Hacker News new | ask | show | jobs
by vidarh 947 days ago
> that's not really closer to bnf so maybe it's not what you're looking for

I'm really toying with a variety of things. One thing is the smaller/cleaner parsing of binary formats.

The other thing I'm playing with is seeing how close I get to cleanly expressing the grammars in pure Ruby, without parsing an external format. The two things are pretty orthogonal, and always enjoy looking at new ideas for parsing in general, not just what I can abuse the Ruby parser to handle directly...

Your format is interesting. I read it as the <name: ...> bit serving as a capture? If were to map that to Ruby, I'd probably use the Hash syntax to try to approximate it, so you'd end up with something "{expr: {first: ...}". Incorporating the actions without some extra clutter would be a bit tricky, because the operator overload's won't let you add a block, and so you're stuck with a minimum of ->() {...} or lambda { ... }, but I think representing it reasonably cleanly would be possible (of course this looks like a simple enough format to just parse directly as well).

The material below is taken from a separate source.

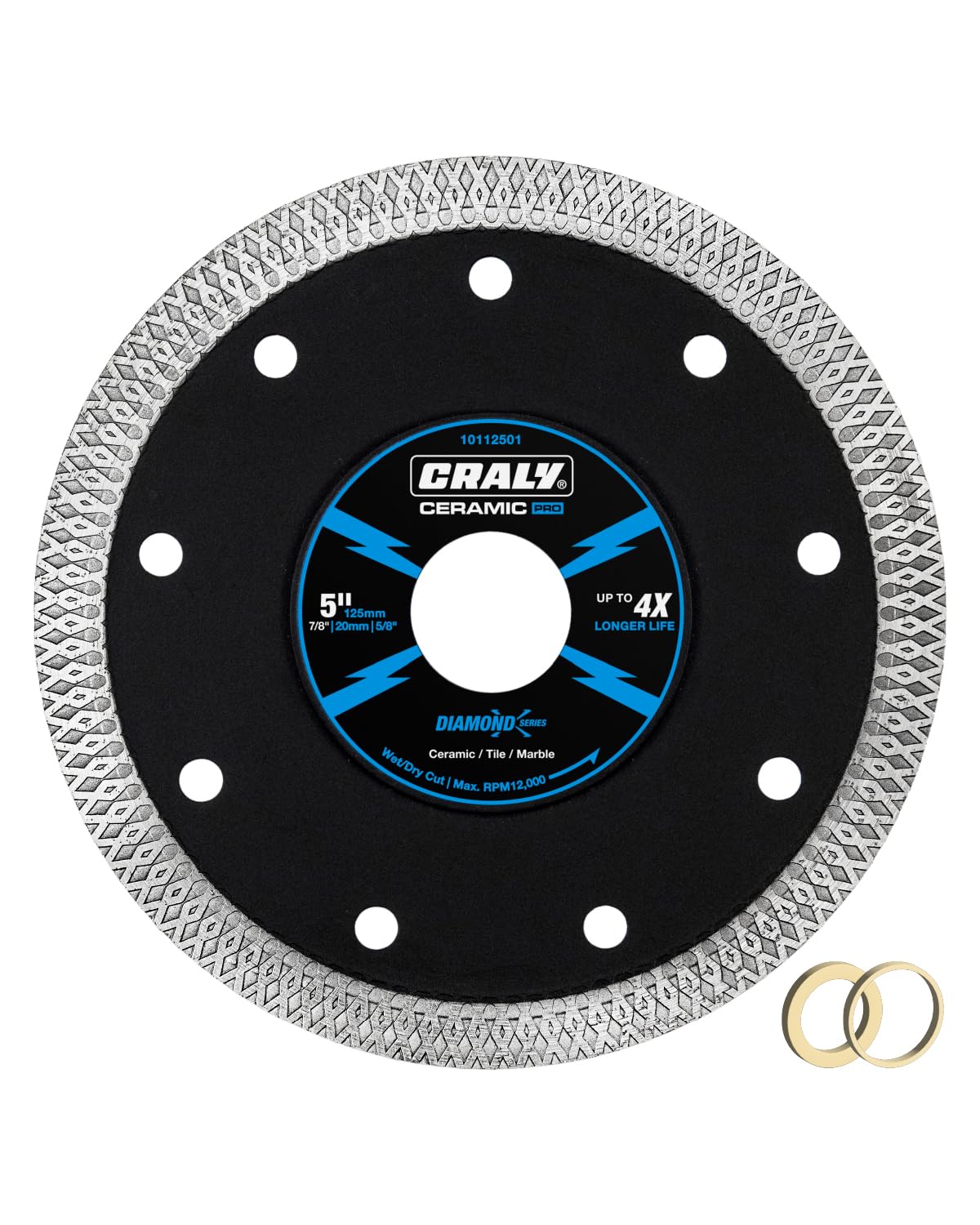 CRALY 5 Inch Super Thin Diamond Blade, 7/8 in Arbor, 5'' Diamond Tile Blade for Angle Grinder & Tile Saw, Diamond Cutting Wheel for Cutting Ceramic,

For a taste of how close to avoiding "host language noise" you can get when embedding the grammars directly in Ruby (I've not settled on the specific operators, but it's a bit limited since you can't change the precedence, I do think the '/' which came from ABNF might have been a poor choice and I might revert to '|' in particular), here's a small fragment of the Toml grammar that will parse as valid Ruby with the right code:

    toml               <= expression & 0*(newline & expression)
    expression         <=  ws & [keyval / table] & ws & [ comment ]
    ws                 <= 0*wschar
    wschar             <= 0x20 / 0x09
    newline            <= 0x0a / (0x0d & 0x0a)
But that so far excludes captures. I'm tempted to default to simply capturing the terms by name.

The trick to making the above valid Ruby that this is defined inside a class that "uses" a set of refinements[1] that lexically overrides methods on a number of core classes only within the grammar definition, and then it instance_eval's the grammar within an object where method_missing returns an object that acts as a reference to named rules, so each rule is basically just a series of chained method calls (hence the annoying '&' - I think it may be viable to get rid of it by keeping track of state in the object whose method_missing gets invoked, but I'm not sure if it'll be robust enough to be worth the slight reduction in visual clutter)

Without the refinement feature we'd have to wrap the integers etc. if we didn't want to monkey-patch the standard classes and break everything. (This kind of DSL is the only really useful case I've found for the refinements feature so far)

[1] https://docs.ruby-lang.org/en/master/syntax/refinements_rdoc...